Dr Helen Anahita Wilson FRSA is a practice-based transdisciplinary researcher at SOAS University of London and an award-winning composer, sound artist, pianist, and improviser. She is an alumna of the Royal Birmingham Conservatoire, University of Sussex, the Guildhall School of Music and Drama, and SOAS.
Helen’s compositional practice brings together her research in South Asian musics with experiments in sonic life writing, corporeal acoustemology, and developments in biophilic and interspecies music making. Helen is the inaugural composer-in-residence at the Chelsea Physic Garden in London; an Oram Award winner for innovation in sound, music and related technologies; Spring 2024 spotlight artist for hcmf//; and is a new Women Make Music artist with PRS Foundation.
Her critically-acclaimed duo with tabla player Shahbaz Hussain is set to release a third album in 2025, building on the success of their first two releases on Golden Girl records and New Jazz and Improvised Music Recordings.
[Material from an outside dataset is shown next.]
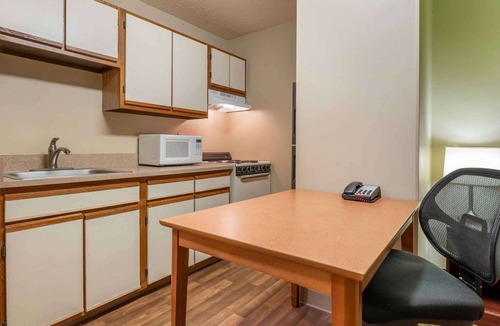 Indianapolis Hotel | Studio 6 Corporate Extended Stay Indianapolis, IN - North Carmel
Their 2019 album DIWAN featured in numerous top 50 jazz albums of the year and Helen was subsequently named one of five international female jazz artists to make their mark globally by Mexico’s Gatopardo magazine. Helen has also released works via Platoon for Plant Vox: the world’s first biophilic, adaptogenic music project, as featured on Apple Music Wellbeing and Apple Music Fitness .
Her recent commissions include works for Huddersfield Contemporary Music Festival, Brighton Dome & Festival, Brighton Pavilion and Museums, and Bloomsbury Festival. She also composes for museum installations and exhibitions, and for radio and podcast projects, providing sonic identities, audio branding, and sound design.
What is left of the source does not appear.